Evito di guardare di nuovo la persona che sento mi sta studiando, mentre i miei occhi pizzicano, bruciano e poi si riempiono di lacrime.
La verità è che vorrei mettermi a urlare. Lasciare uscire tutto quanto quello che ho provato dopo anni di accumulo. Ma lui ha una vita, ha deciso subito da che parte stare, e io non lo posso fare. Non ho più alcun diritto su di lui. Non ne ho mai avuto. Era tutto un gioco, una scommessa, una bugia che mi ha fatto capitolare nell'ombra e poi cambiare. Allora richiudo dentro ogni istante che tenta di riaffiorare nella memoria, ogni emozione folle e incontrollabile provata, ripetendomi che è passato, che sto bene, che non mi fa soffrire, che non provo dolore, che merito di meglio e ho già di meglio accanto. Mi ripeto che sono guarita da quella ferita mortale e che niente sarà paragonato alla mia indifferenza. Perché sarà la mia unica arma utile.
«Erin, stai bene?»
Annaspo in cerca d'aria poi sento il pianto isterico della bambina e ritorno in questa strada dove le persone si stanno raccogliendo in silenzio e in attesa di un miracolo senza fare niente, se non assistere parlando tra loro, agitandosi.

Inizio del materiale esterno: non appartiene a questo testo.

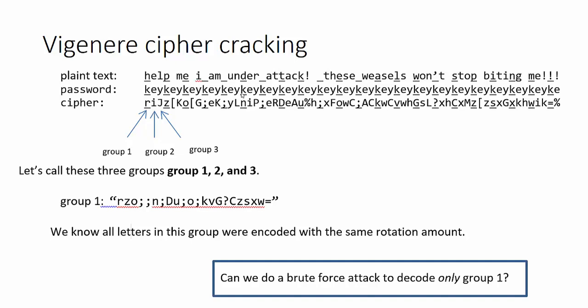So what that means is that in theory this is just a simple rotation cipher, because all the letters were encoded with the same shift amount and we have experience already solving rotation ciphers. You could brute force attack it. You could try every single possible shift value. There's only one problem.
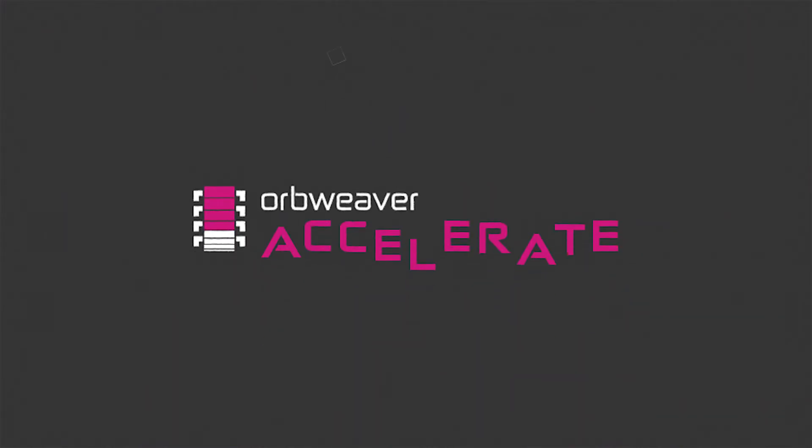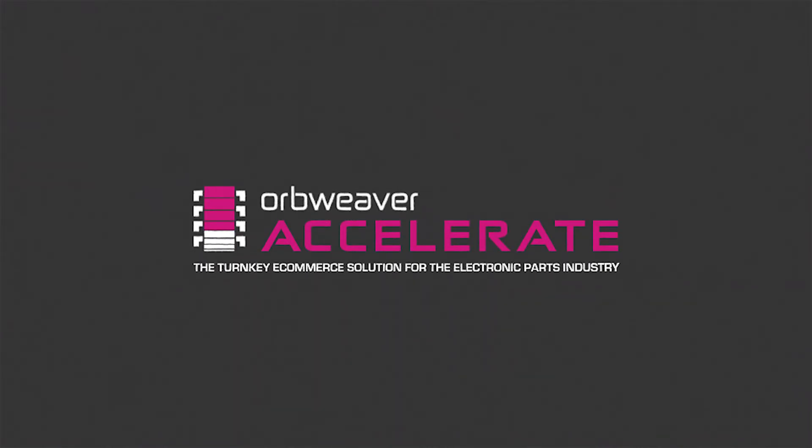Request a demo to see the ROI Accelerate can give you. OrbWeaver Accelerate, the turnkey e-commerce solution for the electronic parts industry.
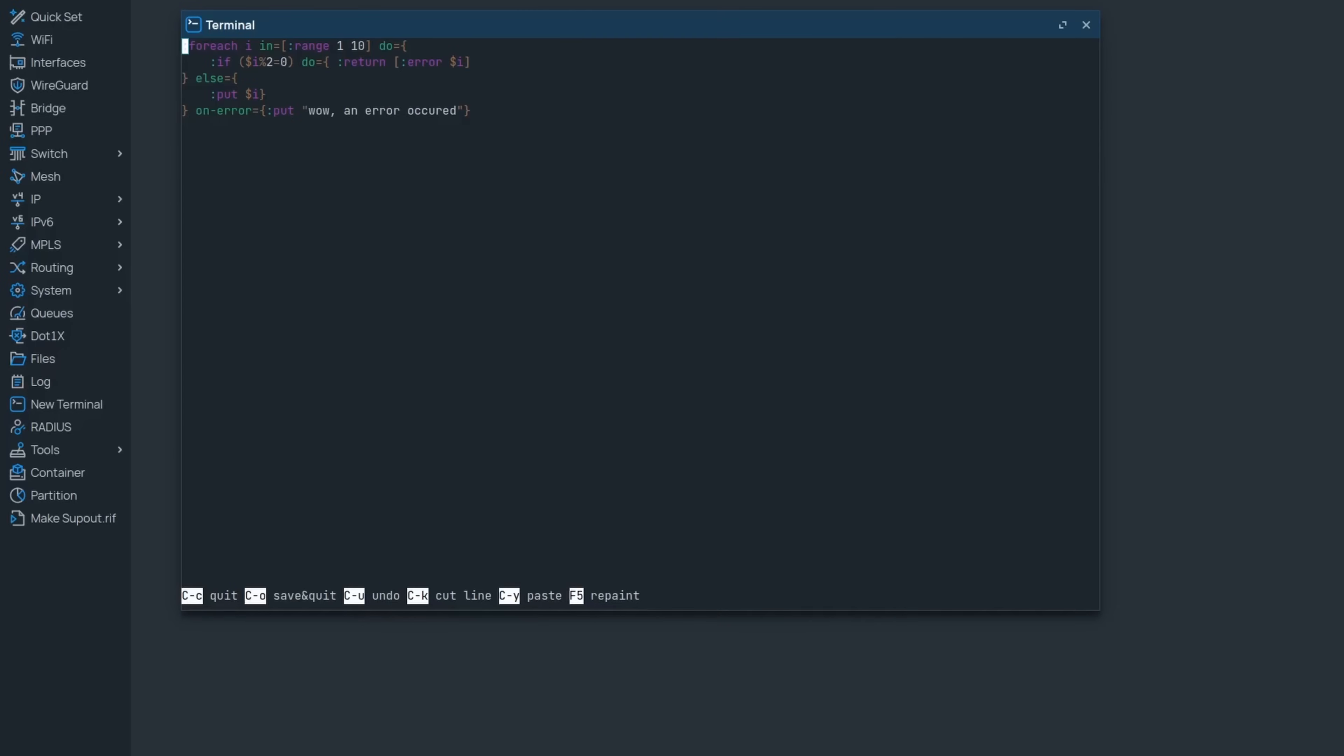We already had error-catching mechanisms, but this addition allows for the easy creation of loops that do not get interrupted by errors. Here's a little example of a loop that will error out every other loop, but it has this new clause that will prevent it from stopping.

«Dobbiamo fare qualcosa», dico in uno stato di incoscienza. E senza perdere altro tempo, non facendomi cogliere dal panico, prendendo in mano la situazione, corro verso la bambina.
Bradley mi raggiunge svelto. «Non posso fare molto con la fasciatura. Io ti dico cosa controllare prima di prenderla in braccio e tu esegui, ok?»
Avevo dimenticato questo dettaglio. Bradley è anche un paramedico. Ricordo come ha curato la mia ferita alla spalla, il suo tocco delicato sulla pelle.
«Conosco le manovre, tu pensa alla folla. Io mi occupo della bambina.»
Mi guarda un momento di troppo, come se potessi cadere in tanti piccoli pezzi da un momento all'altro e sparpagliarmi nel mondo svanendo sotto i suoi stessi occhi. Ma c'è anche dell'altro, forse ammirazione e questo mi aiuta, mi dà la carica. Averlo conosciuto mi dà la forza di andare avanti, di credere nel futuro.
«Ok», rialzandosi, valuta in fretta la situazione. Shannon urla qualcosa nella nostra direzione e lui si rivolge alle persone che tentano di scattare foto e tanto altro facendole allontanare dalla scena. Infine, con una calma che me lo fa amare maggiormente, chiama un'ambulanza e ancora con fare pratico, si avvicina alla donna valutando i danni. Parla con Shannon e al telefono per qualche istante informando che sul posto ci sono già due medici, prima di raggiungermi.
La bambina piange, prendo forte un respiro e con molta delicatezza controllo che non sia ferita o che non abbia subito traumi e liberandola dal passeggino la prendo in braccio dando le spalle alla scena, cullando la piccola che in breve smette di piangere disperata e mi si aggrappa con la manina paffuta al seno. Le sfioro il viso sussurrandole che andrà tutto bene.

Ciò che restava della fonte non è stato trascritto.